The drugmaker, the world’s biggest, is concerned a sale may lead to an increased tax burden because it acquired the infant-nutrition unit less than three years ago, the people said. Pfizer may still opt to sell, they said. The company’s advisers are also still gathering information on the unit’s revenue and brands in Asia and other emerging markets, further slowing the process, said one of the people.
By starting an auction later, Pfizer may succeed in waiting out the turmoil now gripping equity and debt markets. Last month, companies raised the least amount of leveraged loans since 2008 amid the worsening European sovereign debt crisis and the first credit downgrade for the U.S.
“We continue to evaluate all structures, obviously with the goal of choosing the structures that will deliver the greatest after-tax value,” said Frank D’Amelio, Pfizer’s chief financial officer, at the Morgan Stanley Global Healthcare Conference in New York today. “From my perspective, we’re still doing the things we said we were going to do.”
D’Amelio was responding to a question from Morgan Stanley analyst David Risinger about today’s Bloomberg News article on the delay. D’Amelio said any transaction would be completed between July 2012 and July 2013, consistent with the timeline previously disclosed by the company.

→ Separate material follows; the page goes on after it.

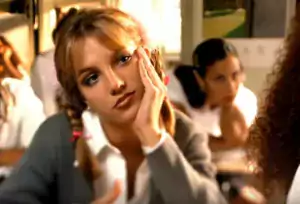 Britney Spears em "Baby One More Time"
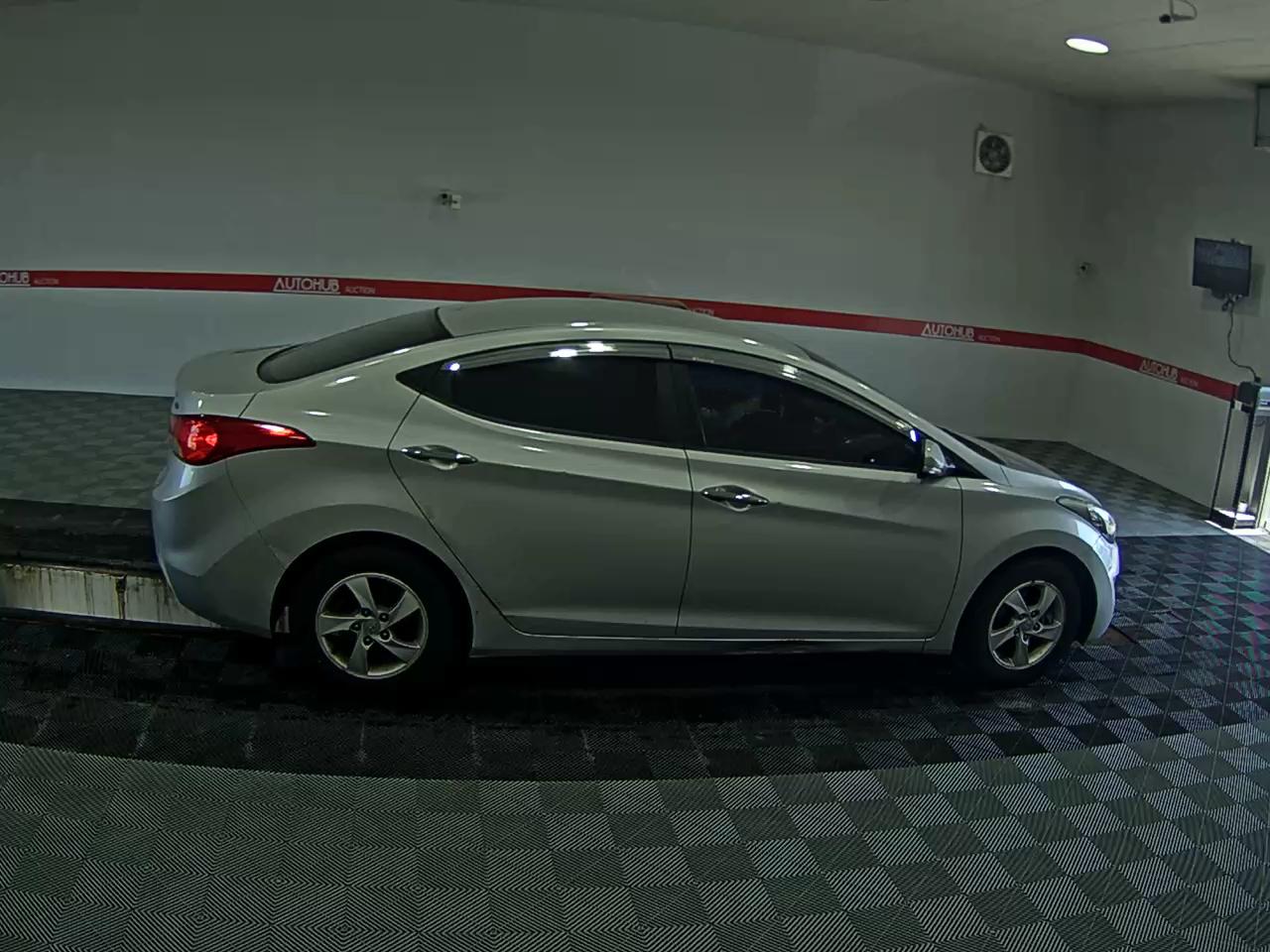 2013 - hyundai avante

Pfizer shares increased 8 cents to $18.41 at 4 p.m. in New York Stock Exchange composite trading. The shares have climbed 7.8 percent in the past 12 months.
Mead Johnson Nutrition Co. (MJN:US), a competitor of Pfizer’s in baby formula, was spun off by former parent Bristol-Myers Squibb Co. in 2009. The stock has almost tripled since its trading debut, giving the Glenview, Illinois-based company a market value of about $14.8 billion.
The Pfizer sale could be the largest of a vitamin or nutrition company in more than a decade, according to data compiled by Bloomberg. The biggest deal in that sector was Carlyle Group’s $3.8 billion acquisition of vitamin maker NBTY Inc. last year, the data show.
Pfizer disclosed plans to shed the business, as well as its animal-health division, more than two months ago. The New York-based drugmaker is receiving advice from Morgan Stanley and Centerview Partners on the infant-nutrition unit.
Pfizer gained the formula division through its $68 billion purchase of Wyeth in 2009. The unit, which reported $1.9 billion in sales last year, makes the SMA Gold line of products for infants and children and Enercal supplements for adults.